Substitute 180 mm for B, 220 mm for D, 75 mm for b, and 180 mm for d in Equation (1).

$\begin{array}{c}I=\frac{180\times {220}^3}{12}-2\times \frac{75\times {180}^3}{12}\\ =86,820,000{\text{mm}}^4\times \frac{1{\text{m}}^4}{{\left(1,000\text{mm}\right)}^4}\\ =86.82\times {10}^{-6}{\text{m}}^4\end{array}$

Elastic moment:

Determine the elastic moment using the equation.

$M_Y=\frac{{\sigma }_{Y}I}{c}$ (2)

Here, ${\sigma }_Y$ is allowable stress in the beam and c is the distance between the neutral axis and the extreme fibre in the beam.

Substitute $86.82\times {10}^{-6}{\text{m}}^4$ for I and 110 mm for c in Equation (2).

$\begin{array}{c}{M}_Y=\frac{{\sigma }_Y\times 86.82\times {10}^{-6}}{110\text{mm}\times \frac{\text{1}\text{m}}{\text{1,000}\text{mm}}}\\ =\left(0.78927\times {10}^{-3}\right){\sigma }_Y\end{array}$

Determination of plastic moment:

Show the free-body diagram of the profile view of the I-beam as in Figure 2.

Determine the plastic moment in the I-section using the equation.

$\begin{array}{c}{M}_p={\sigma }_Y{A}_1{c}_1+{\sigma }_Y{A}_2{c}_2\\ ={\sigma }_Y{b}_1{h}_1{c}_1+{\sigma }_Y{b}_2{h}_2{c}_2\end{array}$ (3)

Here, $A_1$ is area of flanges, $c_1$ is the distance between the centre to centre of flanges where the force is resultant, $A_2$ is the area of web, and $c_2$ is the distance between the centre to centre of web where the force is resultant.

Substitute 180 mm for $b_1$, 20 mm for $h_1$, 200 mm for $c_1$, 30 mm for $b_2$, 90 mm for $h_2$, and 90 mm for $c_2$ in Equation (3).
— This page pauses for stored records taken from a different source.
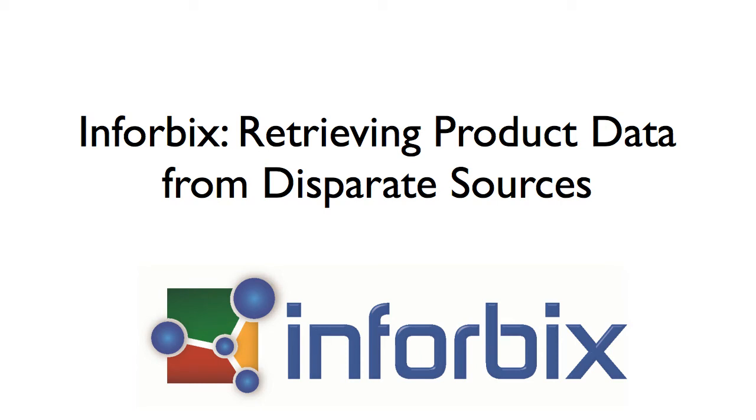In this video, we're going to present how Infobix helps you retrieve product data from disparate sources using our product data application called XSearch.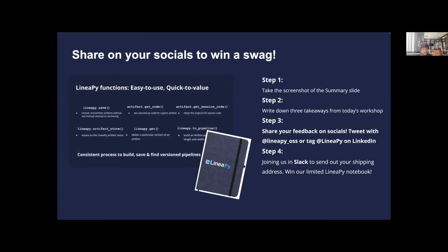Thank you so much for joining us today — this concludes our workshop. Also please complete the other steps as well, and in case anyone was not able to make it to the workshop live, this presentation is being recorded and will be shared with everyone shortly. Thanks everyone for joining!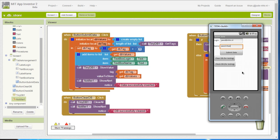In the next video, since this is not the most effective way to present the data, I'm going to show you how to present the data using labels in the interface.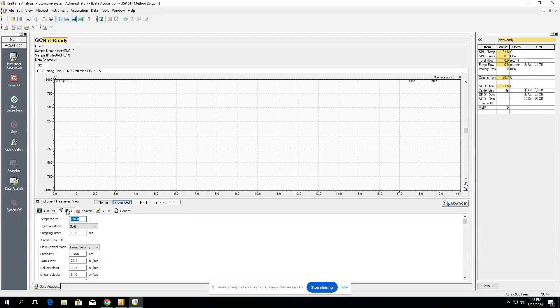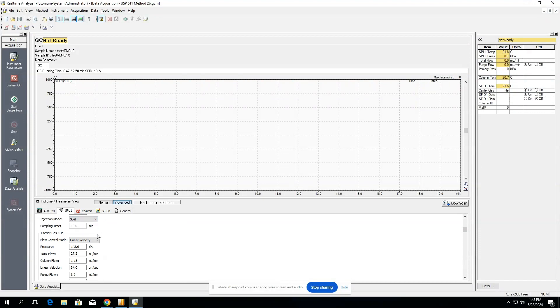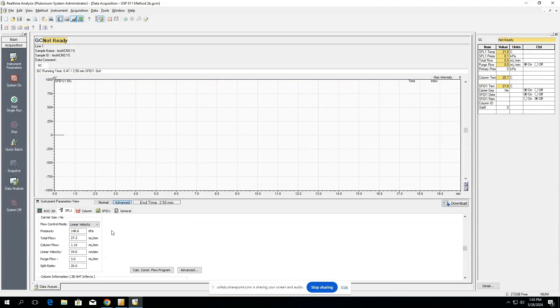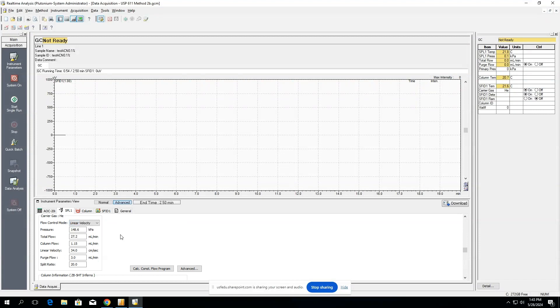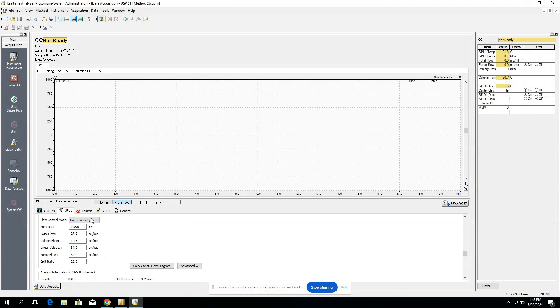First we can start with the injector and we can set whatever temperatures to whatever they need, whether it's split, splitless, or direct, as well as the flow control mode, whether it's linear velocity or pressure. Typically we'll keep it as linear velocity and control the linear velocity as the method states, as well as input whatever the split ratio is.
$\begin{array}{c}{M}_p=\left(\begin{array}{l}{\sigma }_Y\times 180\text{mm}\times \frac{\text{1}\text{m}}{\text{1,000}\text{mm}}\times 20\text{mm}\times \frac{\text{1}\text{m}}{\text{1,000}\text{mm}}\times 200\text{mm}\times \frac{\text{1}\text{m}}{\text{1,000}\text{mm}}\\ +{\sigma }_Y\times 30\text{mm}\times \frac{\text{1}\text{m}}{\text{1,000}\text{mm}}\times 90\text{mm}\times \frac{\text{1}\text{m}}{\text{1,000}\text{mm}}\times 90\text{mm}\times \frac{\text{1}\text{m}}{\text{1,000}\text{mm}}\end{array}\right)\\ =\left(0.963\times {10}^{-3}\right){\sigma }_Y\end{array}$

Shape factor:

Determine the shape factor for the I-section using the formula.

$k=\frac{M_p}{M_Y}$ (4)

Substitute $\left(0.963\times {10}^{-3}\right){\sigma }_Y$ for $M_p$ and $\left(0.78927\times {10}^{-3}\right){\sigma }_Y$ for $M_Y$ in Equation (4).

$\begin{array}{c}k=\frac{\left(0.963\times {10}^{-3}\right){\sigma }_Y}{\left(0.78927\times {10}^{-3}\right){\sigma }_Y}\\ =1.22\end{array}$

Thus, the shape factor for the wide-flange beam is $\underset{\_}{k=1.22}$.